If the panel’s aim was to flood its members and Jones with possible ideas, they succeeded; more than one participant in the meeting joked that the phrase “best practices” was getting a workout at the session. While officials from various states, foundations, and advocacy groups promoted what they have done on the three big topics discussed -- bolstering initial enrollment, improving students’ persistence once in community colleges, or easing transfer to baccalaureate institutions -- many acknowledged that data to prove their success was sometimes in short supply.

The opening discussion, focused on "enabling enrollment," examined an effort in Maryland that over three years increased the proportion of state need-based financial aid flowing to community college students to 15 percent from 8 percent. It spotlighted the California Community Colleges' "I Can Afford College" campaign that produced a 20 percent increase in the number of two-year college students there qualifying for state aid.
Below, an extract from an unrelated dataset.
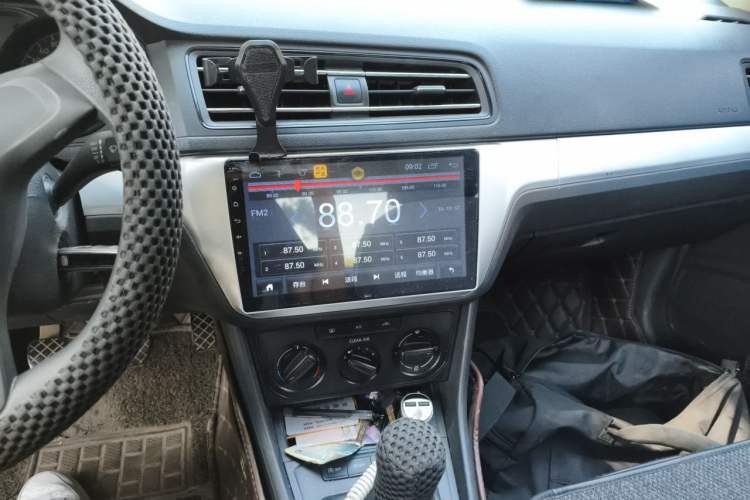 Used Volkswagen Lavida 2019 Lavida Start 1.5L Manual Fashion Edition China VI Standard Audio And AC Panel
And it drew attention to Northern Virginia Community College's Pathway to the Baccalaureate Program, which has helped draw more low-income and first-generation students to the institution and seen them stay in college at higher rates than better prepared peers.
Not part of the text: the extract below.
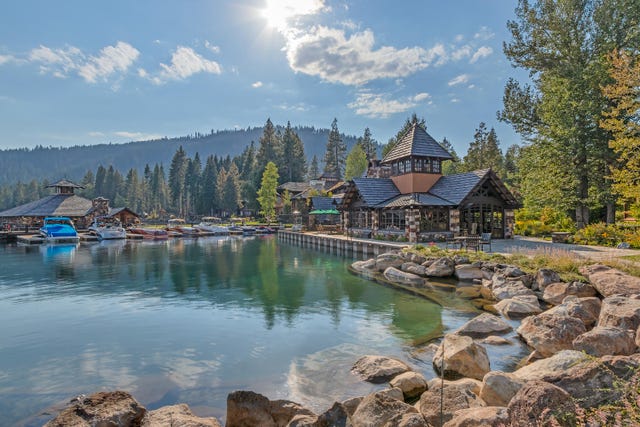 Godfather Part 2 Lake Tahoe House: See Stunning Photos & Location Secrets!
The enrollment session also featured Valencia Community College's unusual -- to the point of startling -- marketing campaign, which seeks to tap into the same fashionable inclinations that attracts the current generation to television's "Project Runway."

The campaign gives education at the Florida community college a haute couture theme -- "Education by Valencia," with models wearing wild costumes that represent the college's different disciplines -- that plays well with its mostly 18- to 24-year-old audience, said Christian Campagnuolo, assistant vice president for marketing and media relations, who previously worked at an ad agency and at Walt Disney Company. "The idea is, 'what are you going to wear when you go out in the world?'" he said. "We give out more A.A. degrees than any other community college, and we wanted our campaign to be a little different. We wanted to have a little swagger in our message."

A panel on student persistence returned to more mundane (if slightly more grounded) material, examining programs in Louisiana in which small scholarships were shown to help keep students enrolled and in Florida, where community college students who enrolled in "College 101" were 8 percent more likely than their peers to earn a credential (the gap was slightly wider for those enrolled in remedial courses, said Thomas Bailey, director of the Community College Research Center at Columbia University's Teachers College. David Prince, assistant director for research and analysis at the Washington State Board for Community and Technical Colleges, described the effort there to build a student achievement goal into the state's funding formula for two-year institutions.

In the day's third major session, on "facilitating transfer," focused on the burgeoning effort by the Kentucky Council for Postsecondary Education to increase the number of degree recipients in the state, in part by requiring four-year colleges to begin reporting a slew of data, including on the number of transfer students they took. That helped the state increase the number of two-year-college transfers by 19 percent from 2002-3 to 2006-7, but to meet its overall goals for degree recipients, Kentucky needs to increase that number by 10 percent a year, said James Applegate, the council's vice president for academic affairs.

As the next step, the Kentucky council hopes to begin rewarding institutions monetarily for producing more graduates, and that (if approved by legislators) is likely to encourage even more collaboration between two-year and four-year institutions on easing transfer, said Applegate. "It didn't take really smart presidents very long to realize they couldn't get to their numbers without transfer students."

Jane Oates, executive director of the New Jersey Commission on Higher Education, meanwhile, described her state's new law -- an agreement that produced "tears but no blood," she said -- that mandates that an associate degree awarded by a county college must be fully transferable and count as the first two years toward a baccalaureate degree at any of the state’s public institutions.